In his garden one day, an apple really did fall (or so he recalled as an old man decades later). The young university student pondered the force that pulled that apple to the earth. It was a force that seemed to operate even at great distances: An apple dropping from the highest tree imaginable would still hit the ground. How far out did this force reach? Perhaps all the way to the moon. Yet the moon didn't fall to the earth, but traveled around it instead. Why?

The problem of celestial movement vexed the intellectuals of Newton's day. They could envision a globe being swung on a chain, circling round and round, centripetal force holding it in a steady orbit. Cut the chain, however, and the circling stops – the globe flies off in a straight line. Yet heavenly bodies don't fly off in straight lines. Though untethered by chains, they move in fixed orbits. How could that be?

Alone in Lincolnshire, Newton solved the puzzle: Incredibly, he discovered the law of gravity. The same force that pulls an apple to the ground holds distant planets in their paths. That was the chain linking the moon to the earth and the planets to the sun. Gravity couldn't be seen or touched, but it could be proved with mathematics. He filled page after crowded page with his calculations, and eventually derived the formula that, he said, “allows me to explain the system of the world.”

For nearly 20 years, Newton told no one of his discovery. When he finally published his great treatise on motion and gravitation – its title was Philosophiæ Naturalis Principia Mathematica (Latin for Mathematical Principles of Natural Philosophy ) – the effect was seismic. Newton’s discoveries, in the words of Alan Charles Kors, a professor of history at the University of Pennsylvania, amounted to “one of the most extraordinary scientific syntheses in the history of the human mind.”

The Principia is generally reckoned the most important book in the history of science. It jolted Western civilization to its core, for it demonstrated, as no prior work ever had, that the universe was lawful, logical, and knowable. To a deeply pious Europe, it meant that mere mortals could perceive the very blueprint of Creation. To study the world empirically, to understand its workings, was to come closer to the mind of God than had ever been thought possible.
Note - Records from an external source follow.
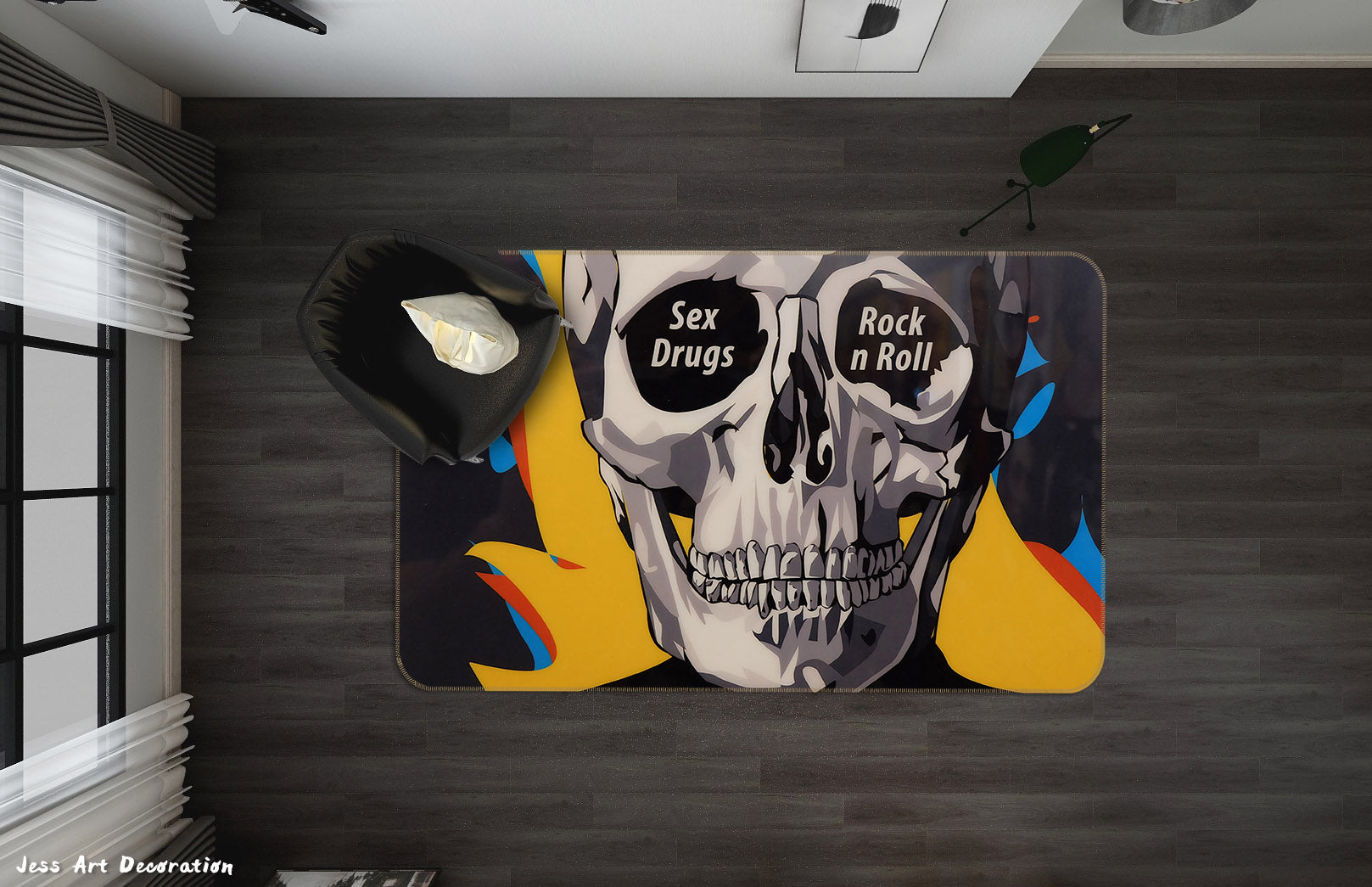 3D Nirvana Rock Band Black Non-Slip Rug Mat 79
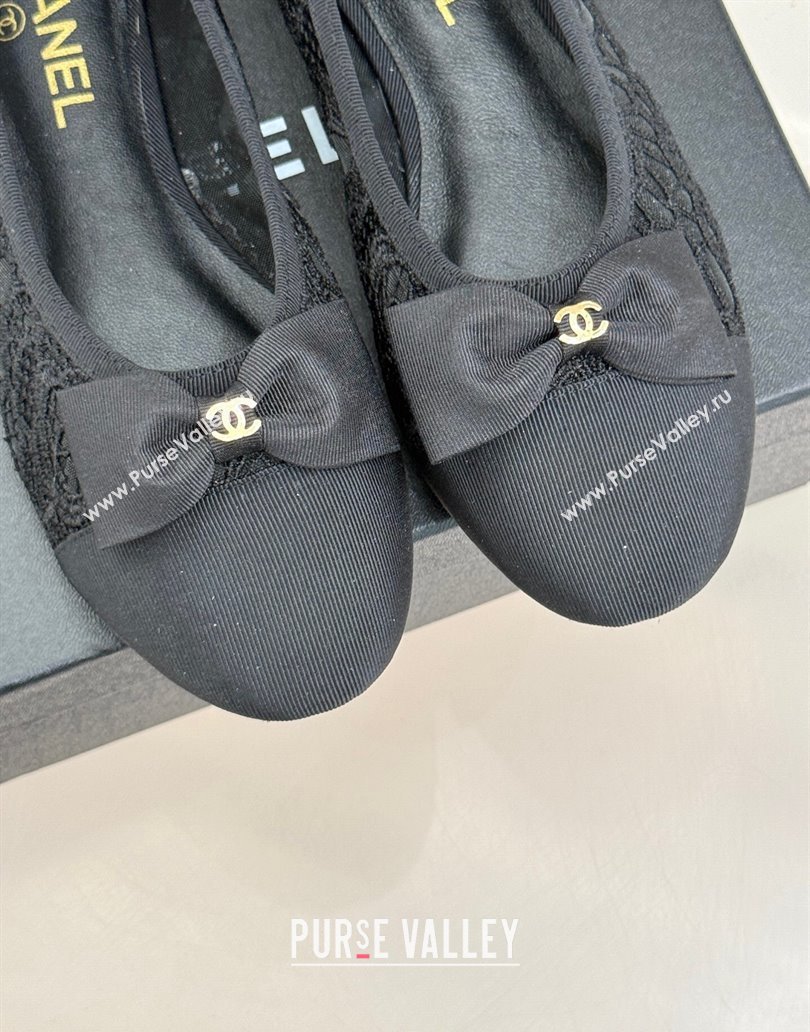 Chanel Lace Grosgrain Ballet Flats with Bow Black 2025 CH041610 (MD-250416067)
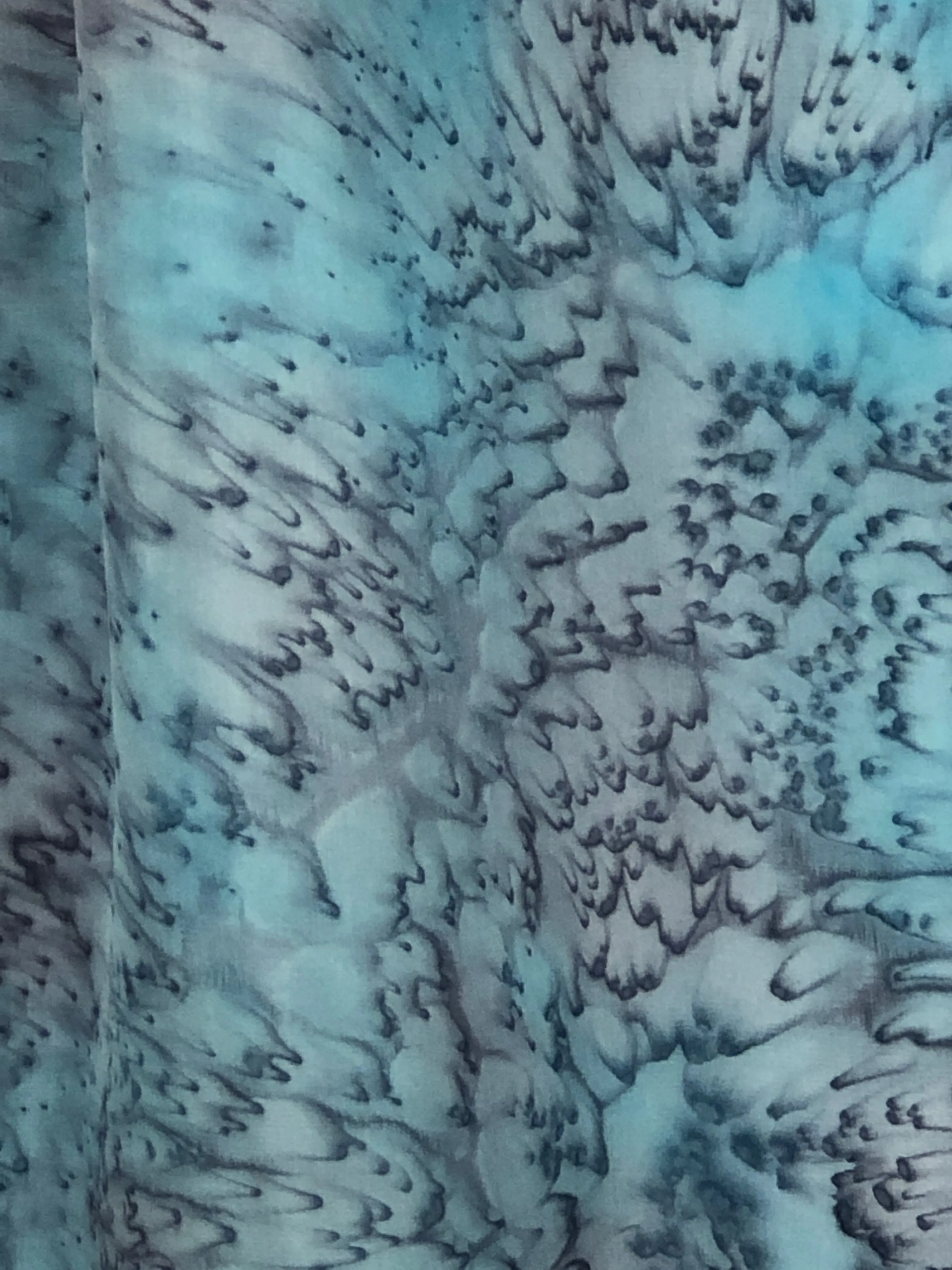 “Snow Storm Mermaid" - Hand-dyed Silk Scarf - $125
Newton's insights during the months of plague that kept him at home imposed a mathematical order to the universe that permanently closed the door on the age of magic, and opened the door to something even more wondrous: the triumph of modern science. That astonishingly fruitful period of “social distancing” came to be known as Newton’s annus mirabilis – year of wonders.

Unlike so many who perished during the Great Plague of London, Newton lived a very long life. He was 84 when he died in 1727, and was interred with many honors in Westminster Abbey.

But his most famous epitaph was the couplet composed by Alexander Pope, the famed English poet:

Nature and Nature's laws lay hid in night,
God said, Let Newton be! – and all was light.”